Investigating the effect of Milky Way dwarf spheroidal galaxies extension on dark matter searches with Fermi-LAT data

TL;DR

This study evaluates how considering the angular extension of Milky Way dwarf spheroidal galaxies affects dark matter search constraints using Fermi-LAT data, revealing that limits can be significantly weakened when extension is included.

Contribution

First assessment of the impact of dwarf spheroidal galaxies' angular extension on gamma-ray dark matter searches with Fermi-LAT data.

Findings

Limits on dark matter annihilation cross section can be weakened by up to a factor of 2-2.5 for individual dSphs.

Stacked limits are affected by at most 1.5-1.8, depending on the annihilation channel.

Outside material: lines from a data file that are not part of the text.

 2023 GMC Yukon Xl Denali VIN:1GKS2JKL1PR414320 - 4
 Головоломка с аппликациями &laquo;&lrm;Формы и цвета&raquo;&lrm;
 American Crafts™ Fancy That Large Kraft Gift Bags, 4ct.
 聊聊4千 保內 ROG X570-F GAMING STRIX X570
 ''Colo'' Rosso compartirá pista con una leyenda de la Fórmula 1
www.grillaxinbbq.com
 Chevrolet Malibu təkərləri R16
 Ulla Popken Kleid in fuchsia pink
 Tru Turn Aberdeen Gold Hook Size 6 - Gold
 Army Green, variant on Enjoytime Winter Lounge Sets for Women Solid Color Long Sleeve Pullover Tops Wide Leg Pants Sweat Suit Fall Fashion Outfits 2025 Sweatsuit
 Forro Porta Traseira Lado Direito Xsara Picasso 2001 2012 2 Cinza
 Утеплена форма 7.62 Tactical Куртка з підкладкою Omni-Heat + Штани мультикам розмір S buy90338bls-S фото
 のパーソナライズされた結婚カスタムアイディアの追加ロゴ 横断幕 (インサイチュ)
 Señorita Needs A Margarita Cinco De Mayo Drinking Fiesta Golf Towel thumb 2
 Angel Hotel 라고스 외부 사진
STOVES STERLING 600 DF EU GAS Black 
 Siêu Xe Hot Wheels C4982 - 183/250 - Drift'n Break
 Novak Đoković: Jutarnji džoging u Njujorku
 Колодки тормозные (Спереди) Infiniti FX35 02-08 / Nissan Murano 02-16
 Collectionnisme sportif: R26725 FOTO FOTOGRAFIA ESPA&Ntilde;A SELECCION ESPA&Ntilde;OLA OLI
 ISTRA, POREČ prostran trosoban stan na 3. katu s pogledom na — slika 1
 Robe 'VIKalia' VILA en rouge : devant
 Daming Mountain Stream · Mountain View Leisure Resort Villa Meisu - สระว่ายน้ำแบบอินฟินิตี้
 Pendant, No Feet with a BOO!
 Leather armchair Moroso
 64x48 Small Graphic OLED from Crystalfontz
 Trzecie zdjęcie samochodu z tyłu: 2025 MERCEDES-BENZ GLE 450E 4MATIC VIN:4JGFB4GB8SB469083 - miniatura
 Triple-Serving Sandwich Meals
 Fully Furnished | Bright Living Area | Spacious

Accounting for angular extension is crucial for accurate dark matter constraints from dSphs.

Abstract

Satellite galaxies of the Milky Way with high mass-to-light ratios and little baryon content, i.e. dwarf spheroidal galaxies (dSphs), are among the most promising targets to detect or constrain the nature of dark matter (DM) through its final annihilation products into high-energy photons. Previously, the assumption that DM emission from dSphs is point-like has been used to set strong constraints on DM candidates using data from the Fermi Large Area Telescope (LAT). However, due to their high DM densities and proximity, dSphs actually have sufficient angular extension to be detected by the Fermi-LAT. Here, we assess, for the first time, the impact of accounting for angular extension in the search for gamma-ray DM signals towards known dSphs with Fermi-LAT. We show that, depending on the dSph under consideration, limits on the DM cross section can be weakened by up to a factor of 2-2.5, while the impact on the stacked, i.e. combined, limits is at most 1.5-1.8 depending on the annihilation channel. This result is of relevance when comparing dSphs limits to other multi-messenger DM constraints and for testing the DM interpretation of anomalous "excesses".